I know two proofs about the approximation of Euler-Mascheroni constant $\gamma$ that are very technical. So I would like to know if someone has a strategic proof to show that $0.5<\gamma< 0.6$.
Let be $\gamma\in \mathbb{R}$ such that
$$\large\gamma= \lim_{n\to +\infty}\left[\left(1+\frac{1}{2}+\cdots+\frac{1}{n}\right)-\log{(n+1)}\right].$$
Show that $0.5<\gamma< 0.6$
P.S.: In my book, the author use $\log{(n+1)}$ in the limit definition of $\gamma$.

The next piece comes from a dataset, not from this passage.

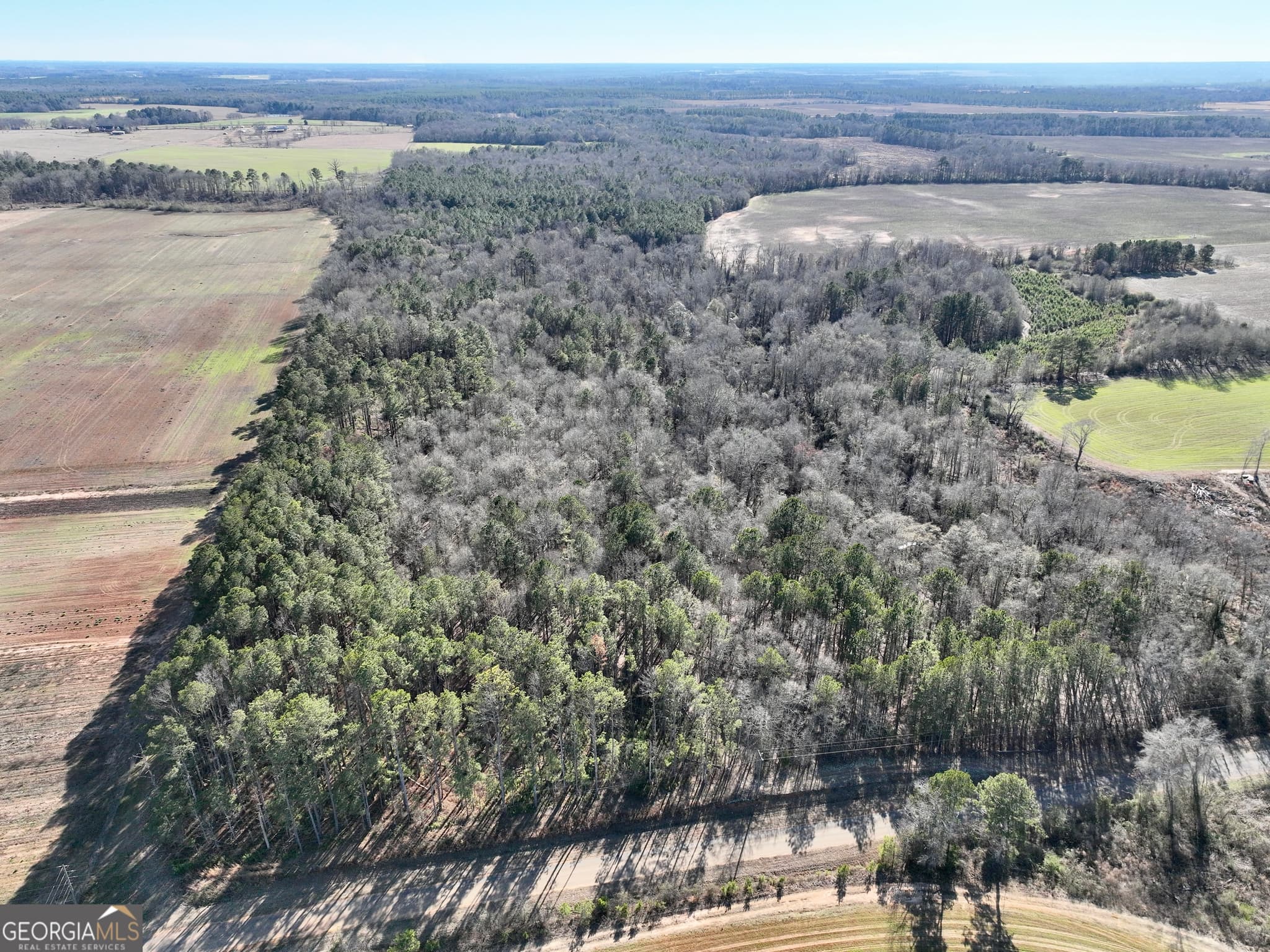 agriculture for sale at 0 Jenkins Farm Road, Byromville, GA 31007 — photo 8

Let $f(x)=\frac{1}{x}$ and $H_n=\sum_{k=1}^nf(k)$. For every $k$ take the segments $\overline{P_kP_{k+1/2}}$ and $\overline{P_{k+1/2}P_{k+1}}$, where $P_k=(k,f(k))$. Note that for every $k$ the sum of area of trapezes $Q_kP_kP_{k+1/2}Q_{k+1/2}$, and $Q_{k+1/2}P_{k+1/2}P_{k+1}Q_{k+1}$, where $Q_k=(0,k)$, is greater than the area below $f(x)$ between $k$ and $k+1$. This implies
$$\frac{f(k)+f(k+1)+2f(k+1/2)}{4}>\int_k^{k+1}f(x)dx=\ln(k+1)-\ln k.$$
So $I_n=\frac{1}{4}[\sum_{k=1}^nf(k)+\sum_{k=1}^nf(k+1)]+\frac{1}{2}\sum_{k=1}^nf(k+1/2)>\ln(n+1).$
But $\frac{1}{2}\sum_{k=1}^nf(k+1/2)=\sum_{k=1}^n\frac{1}{2k+1}=\frac{H_n}{2}-1+\sum_{k=1}^{n+1}\frac{1}{n+k}$. Therefore
$$I_n=H_n-\frac{5}{4}+\frac{f(n+1)}{4}+\sum_{k=1}^{n+1}\frac{1}{n+k},$$
so
$$H_n-\ln(n+1)>\frac{5}{4}-\frac{f(n+1)}{4}+\sum_{k=1}^{n+1}\frac{1}{n+k},$$
taking the limits and using that $\lim_{n\to +\infty}\frac{f(n+1)}{4}+\sum_{k=1}^{n+1}\frac{1}{n+k}=\ln 2,$ we have that
$$\gamma \geq 1,25-\ln 2>0,54.$$
I believe that the other inequality can be done by a similar approach.